*Data*

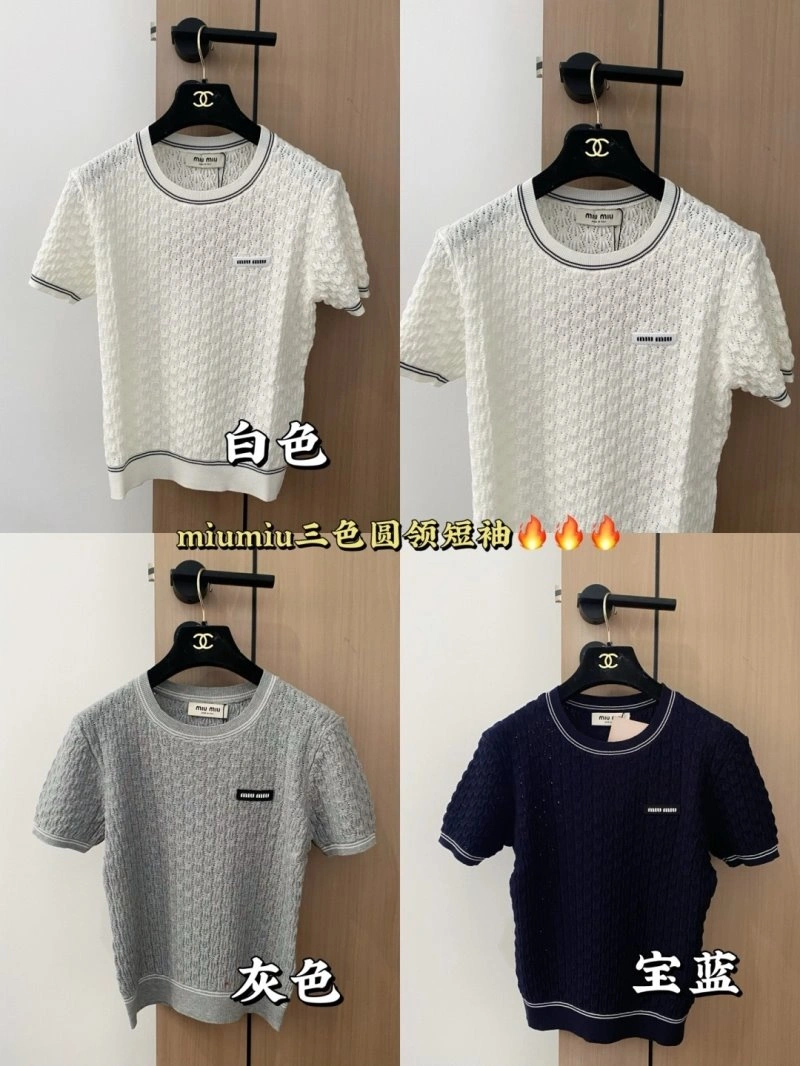 WeatherProof Miu Miu T-Shirts 156170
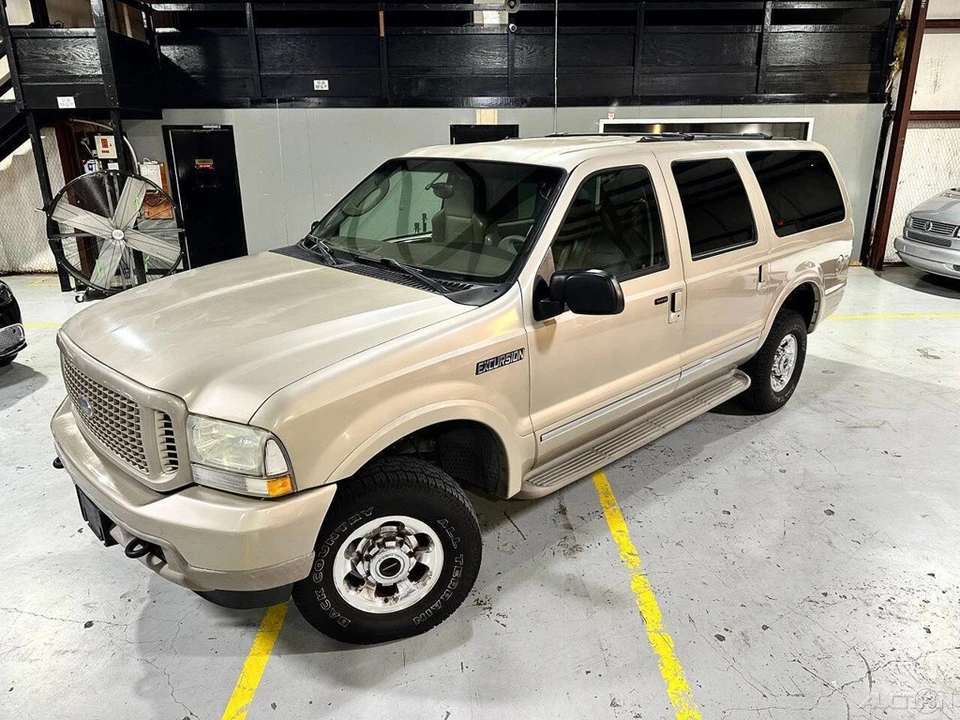 2004 Ford Excursion - Image 5 of 21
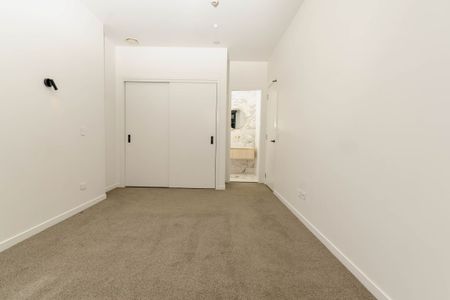 Upmarket Two Bedroom Two Bathroom Two Carpark Eden Terrace - Photo 5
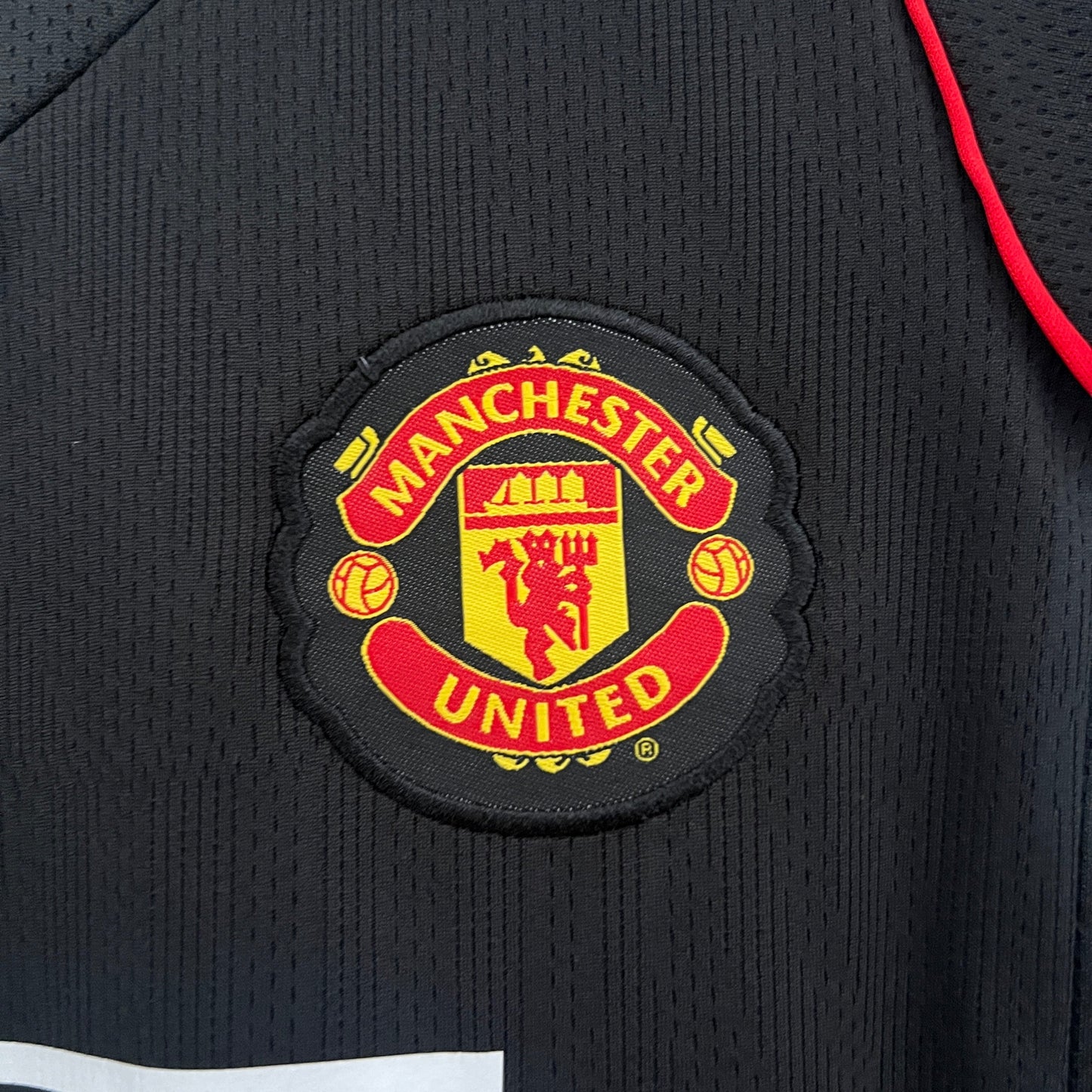 Kit infantil Manchester United Retrô Away 2008  - Preto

*Exercise requirements*
When you restate the listing, keep every word as it is and drop the pictures.

*Answer to the exercise*
 WeatherProof Miu Miu T-Shirts 156170
 2004 Ford Excursion - Image 5 of 21
 Upmarket Two Bedroom Two Bathroom Two Carpark Eden Terrace - Photo 5
 Kit infantil Manchester United Retrô Away 2008  - Preto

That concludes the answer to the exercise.